The restaurant's namesake Liberty burger is what McDonald's Big Mac would taste like in an ideal world. Lest anyone think that's an insult, let me assure that it's not. It's utterly refreshing to see a burger come out of a chef-driven restaurant like Liberty Kitchen that's straightforward and simple, its main ingredients confined to crispy sheets of iceberg lettuce, thick red tomatoes, pickles, minced onions and a "BRC sauce" that tastes like a homemade version of McDonald's famed "special sauce."
I do not think that any of this is coincidental. It's almost as if someone, perhaps Fegen, sat down and attempted to construct the perfect "fast-food" burger. Liberty Kitchen even has the perfect fast-food shakes, blended up with the wickedly smooth custard from partner store Petite Sweets — partly owned by Fegen — and any slice of pie from its current Petite Sweets dessert selection. And that perfect fast-food burger is served on a Slow Dough Bread Co. bun, its patty a custom blend of meat that's ground every day and cooked to order.
Unlike the Hawaiian MacCock burger from my previous lunch, the Liberty's patty was cooked to a requested medium-rare and oozed juices merrily all over my dinner plate. Is it worth $12? That's a personal decision (although I'll tell you that $5 for a side of onion rings is definitely not worth it), but the burger is a stunning example of the genre regardless.
But it was still outshone that night by a whole-fried speckled trout, served in a simple herbed butter with a paprika-dusted lemon wedge that added bright pops of acidity to the fish's fine, dewy flesh.
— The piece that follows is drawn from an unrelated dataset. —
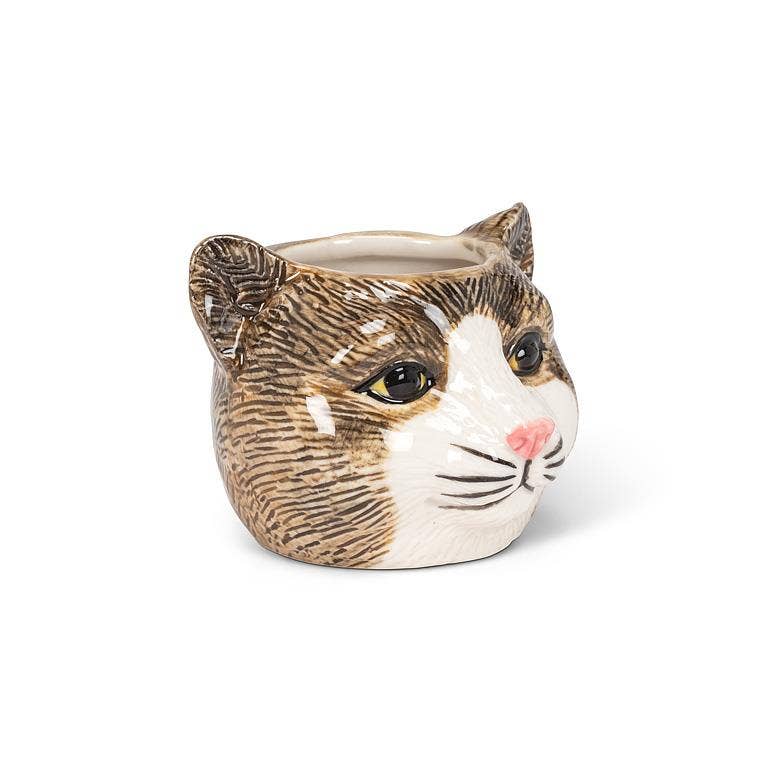 This adorable Small Tabby Cat Head Planter is the perfect complement to any cat lover's favorite cactus, succulent or flowers. Crafted out of ceramic, the cartoon-like shape of this cat head planter is sure to add a touch of fun and whimsy anywhere.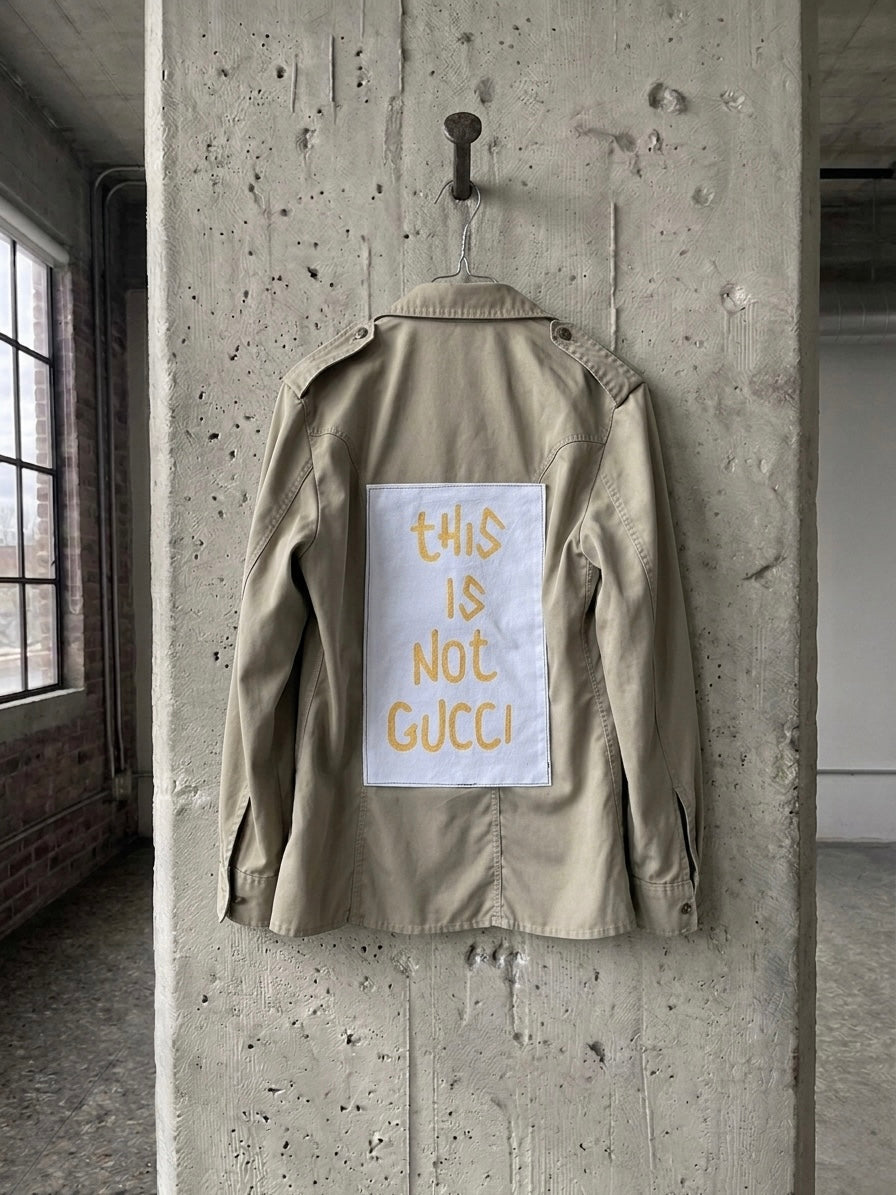 Camicia ‘this is not Gucci’ reworked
On the side, a well-cooked dish of risotto and a bowl of bright green spinach lightly sautéed in garlic reminded with subtle elegance that Liberty Kitchen is more than penis jokes and raw oysters.
What does Liberty Kitchen want to be? At times, I feel that it's trying to be all things to everybody: Between the outstanding items and excellent daily specials are anachronistic items like burger bowls for adherents of the Atkins diet or the aforementioned mac 'n' cheese skillets that seem like more of an afterthought. And while I suppose the option to order breakfast for dinner is tempting on certain occasions, I feel like the "Big As Your Ass Breakfast" is equally lost among the other menu items.
Does Liberty Kitchen want to be an oyster bar serving excellent seafood items amidst over-size pints of Karbach and jolly cocktails with New England-inspired monikers? Or does it want to be a slightly more serious restaurant serving $28 rib-eyes and $18 porterhouse steaks from its grill? Should it have to choose? Can it be both?
These are questions which I seem to be the only person asking, as Liberty Kitchen is consistently packed every day and night — and with new afternoon hours that encourage grazing between lunch and dinner on its terrific appetizer menu, it will likely only get even busier. I'm happy for Fegen and his crew, despite not being able to peg this place. And in my ideal world, Liberty Kitchen would pick one direction and run with it (maybe that oyster/burger bar direction, but that's just my dream).
The Heights has been overrun with restaurants lately, many of them chains — local or otherwise — but what Fegen is doing at Liberty Kitchen is entirely his own. For that reason alone, it's a welcome addition to the landscape here along 11th Street. And who wouldn't want to have a hip oyster bar within walking distance of their neighborhood, especially one that also serves great burgers?